MATERIAL FOR THIS EXERCISE.
*** Begin section ***

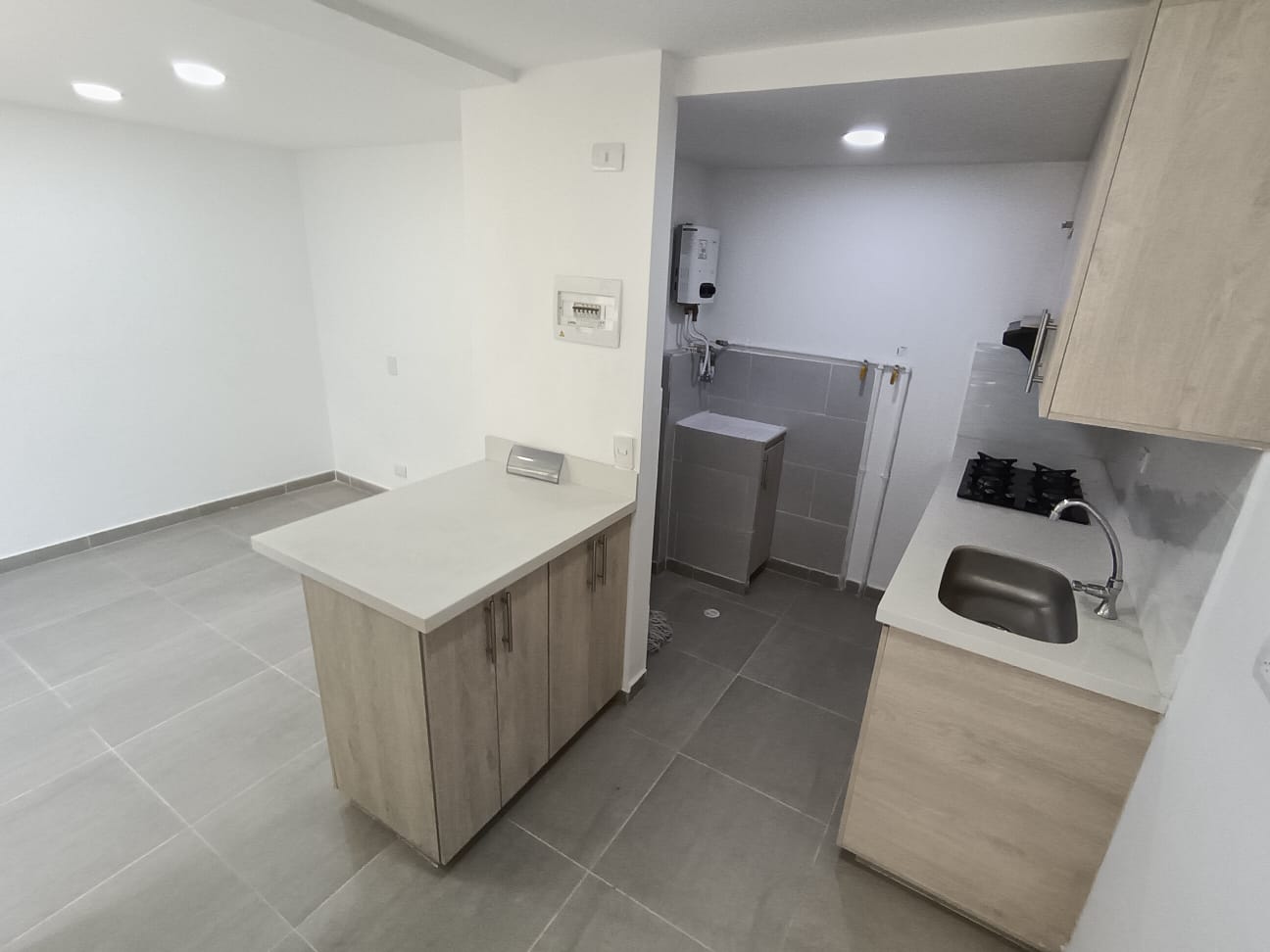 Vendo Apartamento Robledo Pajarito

*** End section ***
*** Begin section ***

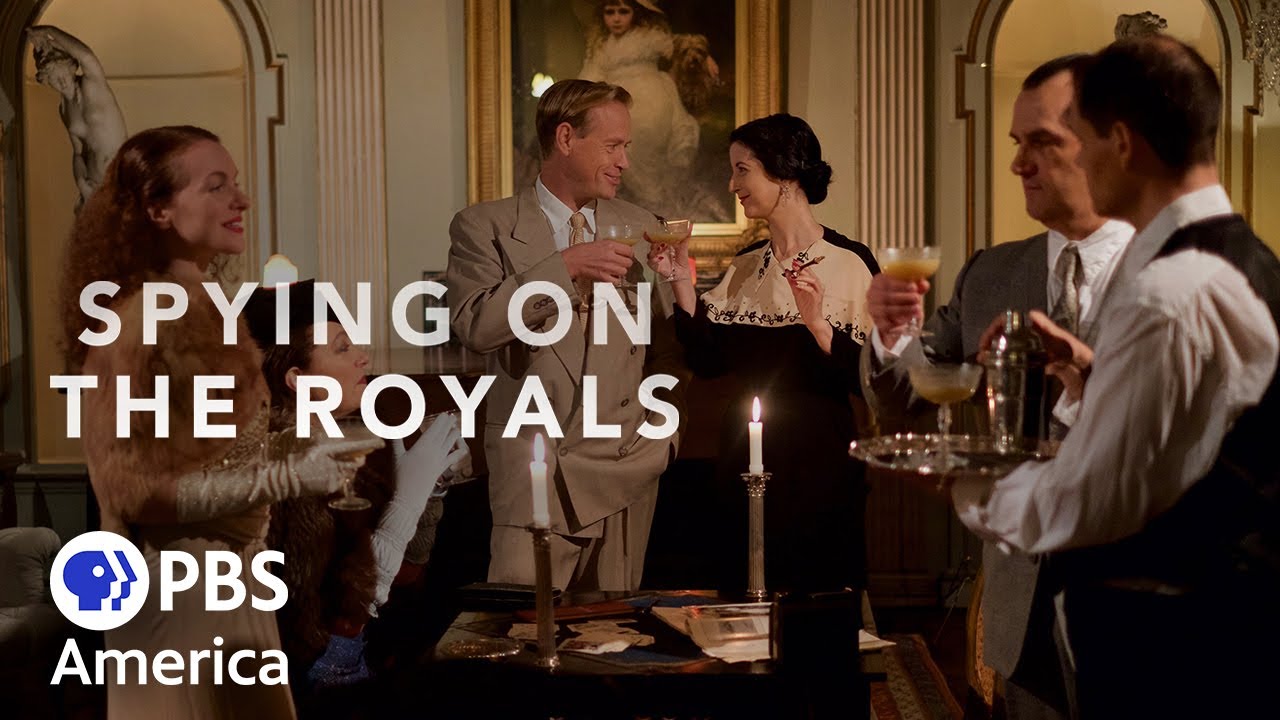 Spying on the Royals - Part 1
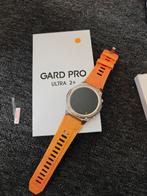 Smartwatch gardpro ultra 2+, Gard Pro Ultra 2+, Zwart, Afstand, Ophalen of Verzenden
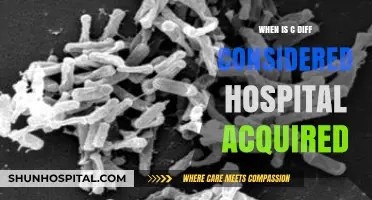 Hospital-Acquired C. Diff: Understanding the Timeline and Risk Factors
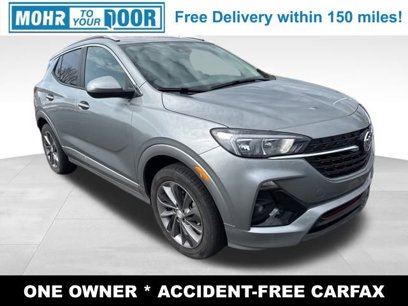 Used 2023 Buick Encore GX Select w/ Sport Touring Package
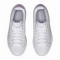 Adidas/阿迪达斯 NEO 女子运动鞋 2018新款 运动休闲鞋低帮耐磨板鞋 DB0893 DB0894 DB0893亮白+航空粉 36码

*** End section ***
*** Begin section ***

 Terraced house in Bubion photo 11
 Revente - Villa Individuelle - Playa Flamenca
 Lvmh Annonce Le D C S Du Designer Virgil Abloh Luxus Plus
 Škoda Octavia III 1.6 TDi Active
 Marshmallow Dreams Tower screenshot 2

*** End section ***

WORK ORDER.
Looking above, find the stretch of lines that opens with the one holding "Spying on the Royals - Part 1" and closes with the one holding "Adidas/阿迪达斯 NEO 女子运动鞋". Copy it exactly, pictures excluded.

OUTPUT.
 Spying on the Royals - Part 1
 Smartwatch gardpro ultra 2+, Gard Pro Ultra 2+, Zwart, Afstand, Ophalen of Verzenden
 Hospital-Acquired C. Diff: Understanding the Timeline and Risk Factors
 Used 2023 Buick Encore GX Select w/ Sport Touring Package
 Adidas/阿迪达斯 NEO 女子运动鞋 2018新款 运动休闲鞋低帮耐磨板鞋 DB0893 DB0894 DB0893亮白+航空粉 36码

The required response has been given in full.